Other strong candidates with impressive credentials are out there and probably interested. Here are four people the university should pursue in seeking a competitive field of candidates:

 1. Craig Thompson, Mountain West Conference commissioner

Thompson would be my first call. He graduated from Minnesota and loves his alma mater. Absolutely loves it.

If he says no the first time, ask again.

Thompson has never been an athletic director, but he has served as a conference commissioner for more than 25 years.

He has intimate experience negotiating lucrative TV contracts. He knows what it takes to make difficult, unpopular decisions. He is well-versed in navigating political land mines in college athletics.

He probably wouldn’t want a dog-and-pony search process because of his highly visible position.

If I’m Kaler, I make Thompson tell me no. More than once.

2. Phil Esten, deputy director of athletics and chief operating officer for intercollegiate athletics at Penn State

Esten graduated from St. Thomas and earned his doctorate from Minnesota. He worked on Joel Maturi’s senior management team and was point person for construction of TCF Bank Stadium.

Esten later served as president and CEO of the University of Minnesota Alumni Association.

Esten has held senior athletic administrative positions at Cal and Penn State since leaving Dinkytown.

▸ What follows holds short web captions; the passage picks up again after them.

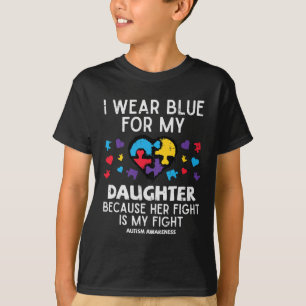 Camiseta Eu Uso Azul Para Filha Luta Conscientização do Aut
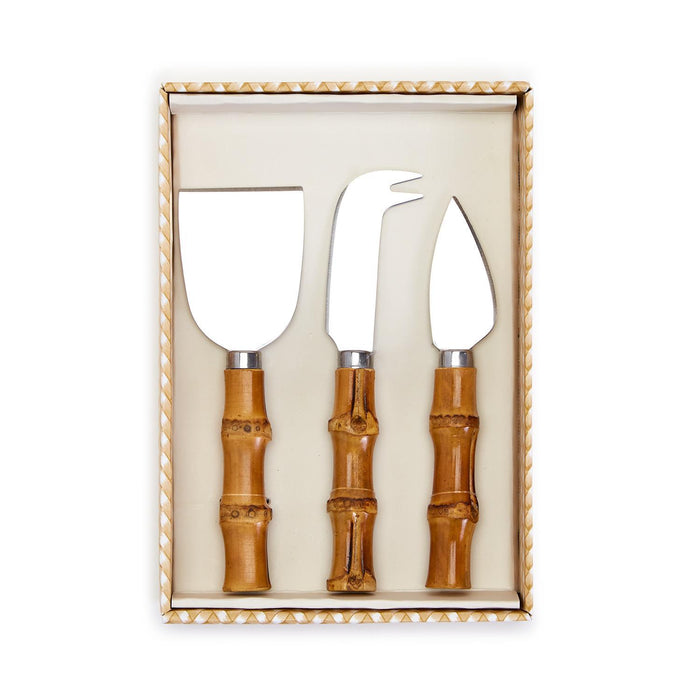 Set of 3 Natural Bamboo Handle Cheese Knives in Gift Box.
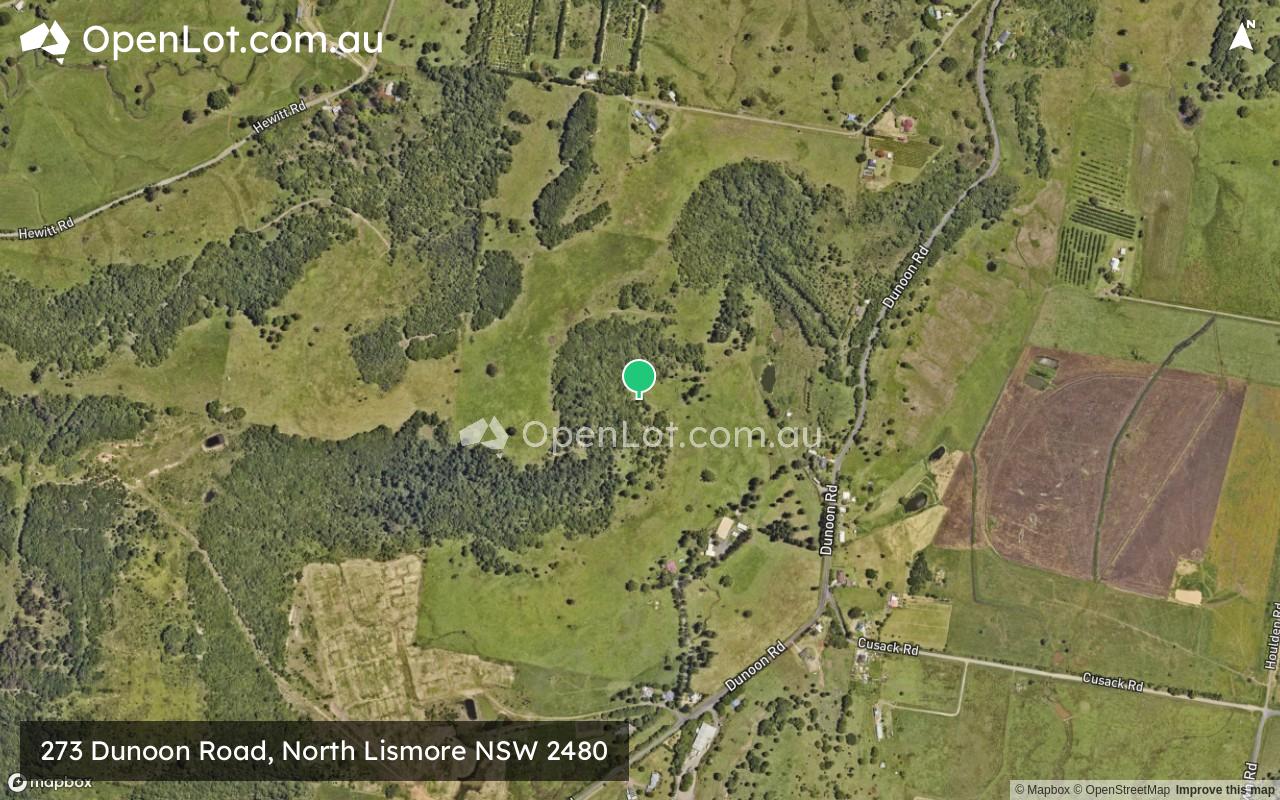 Satellite image for 273 Dunoon Road, North Lismore NSW 2480
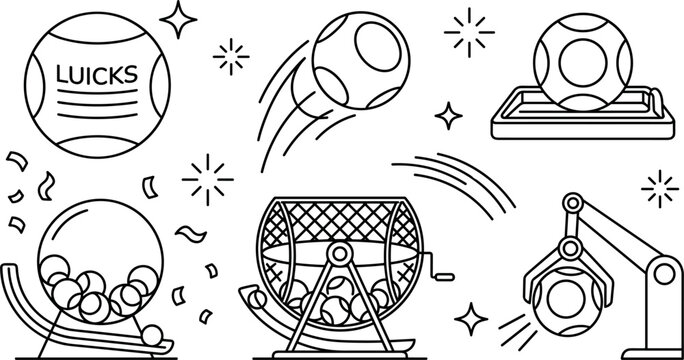 Lottery and Bingo Vector Set with Raffle Drum, Tombola Machine, Lucky Balls, Claw Crane, and Gambling Icons for Sweepstakes Designs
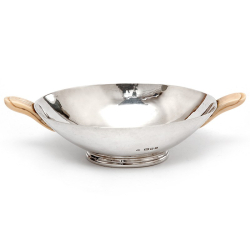 Silver Art Deco Style Oval Dish with a Hammered Finish Body and Ivory Tab Handles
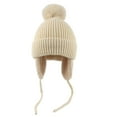 thumbnail image 1 of WUXIAN Baby Hats Caps Toddler Unisex Print Autumn Winter Pompom Earflaps Chin Straps Heart Neck Gaiter Knit For Toddler, 1 of 3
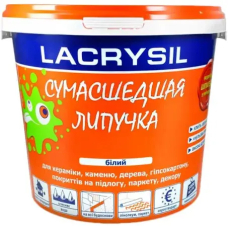 Клей монтажный акриловый водостойкий строительный "Сумасшедшая липучка" 6 кг ведро ТМ LACRYSIL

Esten knows the landscape and challenges at Minnesota. He knows boosters and alumni. He knows the Big Ten. This would be a destination job for him.

He’s ready to lead a Power Five athletic department, here or elsewhere.

 3. Sean Frazier, Northern Illinois athletic director

Remember this name. It won’t be surprising if he receives strong interest and consideration for the job.

Frazier played football at Alabama and served as Barry Alvarez’s chief of staff at Wisconsin. He understands the importance of a successful football program and robust fundraising to the overall health of a department.

Frazier has upgraded Northern Illinois’ facilities and his football program continues to earn national respect.

4. Martin Jarmond, executive associate AD at Ohio State

Jarmond serves as Ohio State AD Gene Smith’s second-in-command. Jarmond oversees external and internal operations for one of the nation’s largest athletic departments and is the sport administrator for football and men’s basketball, among other teams.

Jarmond worked in athletic administration at Michigan State for seven years before Ohio State, giving him 13 years of Big Ten experience.

His background is in development, helping spearhead massive capital campaigns at Michigan State and Ohio State.

Jarmond was runner-up/finalist for the Syracuse AD job last summer. He’s only 36 years old but considered a rising star in his profession.

The search firm presumably will uncover other qualified candidates.

The U has the right idea in assembling an internal 10-person committee to vet candidates. That’s if — IF — they put the right people on the committee.

They need a smart group of people that know the unique challenges at Minnesota, that understand the importance of winning in football and men’s basketball specifically, that ask the right questions, that aren’t afraid to ruffle feathers and that truly recognize their athletic department requires bold leadership right now.